M. Vaněk a kol.: Sto studentských revolucí

Cover
Titel
Sto studentských revolucí. Studenti v období pádu komunismu
Weitere Titelangaben
Životopisná vyprávění


Herausgeber
Vaněk, Miroslav; a kol.
Erschienen
Anzahl Seiten
840 S.
Preis
czk 890,00
Rezensiert für H-Soz-Kult von
Sarah Lemmen, Departamento de Historia Moderna e Historia Contemporánea, Universidad Complutense de Madrid

Es gehört zu den Eigenschaften des tschechischen Buchmarktes, dass Bücher, die den Nerv der Zeit treffen, oft schnell vergriffen und somit bereits kurz nach ihrer Erscheinung nicht mehr verfügbar sind. Die erste Ausgabe von Sto studentských revolucí (dt.: Hundert studentische Revolutionen) aus dem Jahr 1999 war – so erinnern sich Beteiligte – ein solches Buch, das viel besprochen wurde und bald aus den Buchläden verschwunden war. Es gilt als die erste grundlegende Oral History-Studie in Tschechien, die sich internationaler Standards bediente, und wird heute zu den tschechischsprachigen Standardwerken in diesem Bereich gezählt.1 Zwanzig Jahre später hat der Autor und Projektleiter Miroslav Vaněk (sein Mitstreiter und Co-Autor der ersten Ausgabe Milan Otáhal ist 2017 verstorben) mit einem neuen Team an Wissenschaftler:innen eine Neuauflage in die Wege geleitet, die nun, 30 Jahre nach der Samtenen Revolution, noch einmal die Akteure von damals selbst zu Wort kommen lässt. Die nur leicht überarbeitete und ergänzte Neuauflage ist demnach auf drei Zeitebenen zu lesen: Aus der Perspektive des Jahres 2019 wird sowohl 1999 als auch 1989 reflektiert.
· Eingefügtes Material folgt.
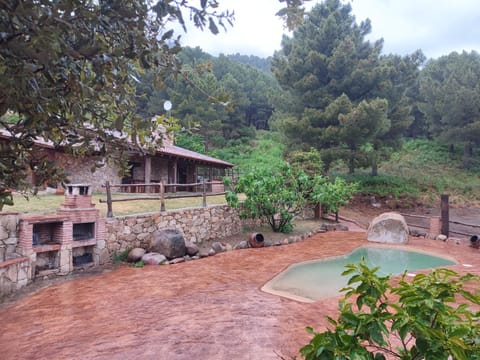 Casa Rural Refugio Los Perdigones Country House in Extremadura, Spain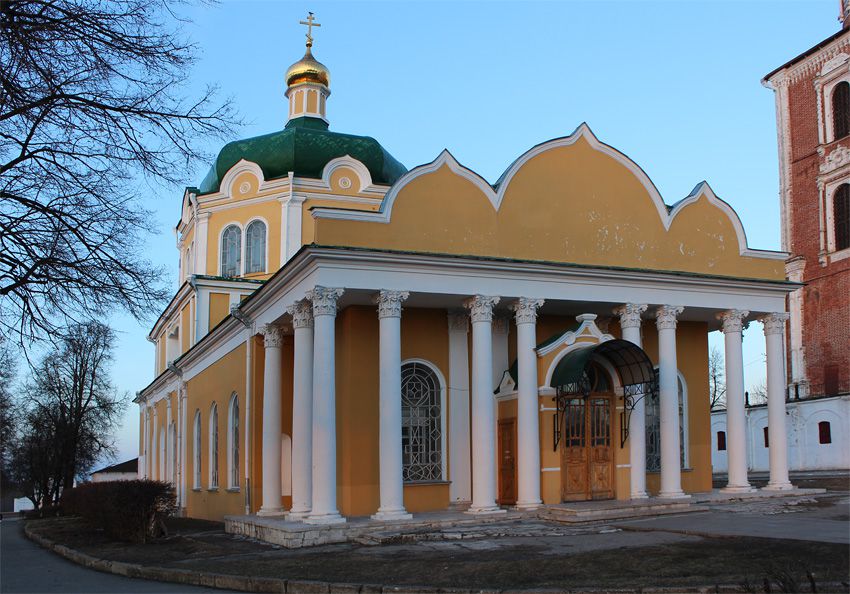 Рязань. Кафедральный собор Рождества Христова. общий вид в ландшафте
Wie der Titel suggeriert, stehen hier die Erfahrungen von hundert Personen im Vordergrund, die im Herbst 1989 als Student:innen an tschechischen Hochschulen in unterschiedlichen Rollen die Demonstrationen und Streiks miterlebten und mitgestalteten, die zur „Samtenen Revolution“ und zum Untergang des kommunistischen Regimes in der Tschechoslowakei führten. In biographischen Interviews, die 1996 bis 1998, also sieben bis neun Jahre nach den Ereignissen geführt wurden, berichten die Akteure von ihren Erlebnissen auf der Prager Studentendemonstration am 17. November 1989, die als Auftakt zur Samtenen Revolution gilt, sowie während der Streiks in den folgenden Wochen. Weil die Interviewer auch nach dem sozialen Umfeld vor dem Herbst 1989 – nach Familienleben, nach Schule und Freizeit, nach der Einbindung in staatliche Jugendorganisationen oder nach familiären Kontakten zu Dissident:innen – gefragt haben, lassen ihre Ausführungen zugleich eine breitere Kontextualisierung zu.

Diese Interviews machen mit 565 Seiten das Herzstück des Buches aus. 65 der hundert Gespräche sind – in nur leichter sprachlicher Überarbeitung – abgedruckt. Hier kommen Personen zu Wort, die 1989 an Universitäten in Prag, Brno, České Budějovice, Hradec Králové, Liberec, Olomouc, Ostrava, Pilsen oder Ústí nad Labem (aber nicht im slowakischen Landesteil) studierten und größere oder kleinere Rollen in den universitären Streiks und Demonstrationen gespielt hatten. So wird mit Monika Pajerová eine der führenden Personen der Studentenbewegung interviewt, ebenso Martin Mejstřík, der die Konflikte, aber auch die Freiheiten politischer Betätigung an der pädagogischen Fakultät und vor allem an der Theaterfakultät in Prag in den späten 1980er-Jahren beschreibt und schließlich auf die Planungen zur Demonstration am 17. November eingeht. Beide waren in der Studentenorganisation STIS aktiv, die seit dem Frühjahr 1989 unter dem Schirm der sozialistischen Jugendorganisation Freiräume an den Universitäten schuf. Studenten wie Marek Benda oder Martin Klíma, beide aus bekannten Dissidentenfamilien, waren dagegen in der unabhängigen Studentenbewegung Stuha aktiv. Auch die Konflikte und Reibereien zwischen den verschiedenen Gruppierungen werden in den einzelnen Interviews deutlich.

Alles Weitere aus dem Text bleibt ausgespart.